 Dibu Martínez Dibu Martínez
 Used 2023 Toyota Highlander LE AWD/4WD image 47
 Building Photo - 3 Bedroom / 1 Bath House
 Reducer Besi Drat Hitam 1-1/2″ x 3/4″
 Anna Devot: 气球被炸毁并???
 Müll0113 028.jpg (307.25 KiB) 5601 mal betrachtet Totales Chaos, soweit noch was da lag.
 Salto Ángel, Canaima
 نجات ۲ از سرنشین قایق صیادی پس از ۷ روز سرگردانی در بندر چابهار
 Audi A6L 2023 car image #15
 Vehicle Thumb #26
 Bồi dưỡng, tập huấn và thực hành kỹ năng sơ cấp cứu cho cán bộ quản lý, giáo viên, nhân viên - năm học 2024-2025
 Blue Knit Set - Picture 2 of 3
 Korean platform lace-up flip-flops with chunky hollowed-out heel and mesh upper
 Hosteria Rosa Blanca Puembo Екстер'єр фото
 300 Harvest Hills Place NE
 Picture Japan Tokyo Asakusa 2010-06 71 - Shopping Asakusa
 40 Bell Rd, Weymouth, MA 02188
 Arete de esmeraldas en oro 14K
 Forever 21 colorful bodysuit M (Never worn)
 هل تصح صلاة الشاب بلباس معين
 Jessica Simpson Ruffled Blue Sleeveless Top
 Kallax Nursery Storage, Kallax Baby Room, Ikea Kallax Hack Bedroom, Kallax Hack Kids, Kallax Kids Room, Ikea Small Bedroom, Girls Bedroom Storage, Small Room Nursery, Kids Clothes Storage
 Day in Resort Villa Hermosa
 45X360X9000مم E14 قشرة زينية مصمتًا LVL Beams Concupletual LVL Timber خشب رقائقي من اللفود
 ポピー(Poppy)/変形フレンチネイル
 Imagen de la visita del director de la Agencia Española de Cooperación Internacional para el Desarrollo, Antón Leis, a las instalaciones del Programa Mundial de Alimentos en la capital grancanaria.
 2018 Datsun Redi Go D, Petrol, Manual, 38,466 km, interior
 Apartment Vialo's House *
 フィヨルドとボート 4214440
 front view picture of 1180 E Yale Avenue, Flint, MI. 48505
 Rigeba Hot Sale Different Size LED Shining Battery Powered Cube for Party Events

--*--

→ **WHAT THE TASK REQUIRES**: Only an exact copy of the lines from the beginning of the listing through the line with "Vehicle Thumb #26", both included, belongs in the answer.

→ **EXERCISE RESPONSE**:
 Dibu Martínez Dibu Martínez
 Used 2023 Toyota Highlander LE AWD/4WD image 47
 Building Photo - 3 Bedroom / 1 Bath House
 Reducer Besi Drat Hitam 1-1/2″ x 3/4″
 Anna Devot: 气球被炸毁并???
 Müll0113 028.jpg (307.25 KiB) 5601 mal betrachtet Totales Chaos, soweit noch was da lag.
 Salto Ángel, Canaima
 نجات ۲ از سرنشین قایق صیادی پس از ۷ روز سرگردانی در بندر چابهار
 Audi A6L 2023 car image #15
 Vehicle Thumb #26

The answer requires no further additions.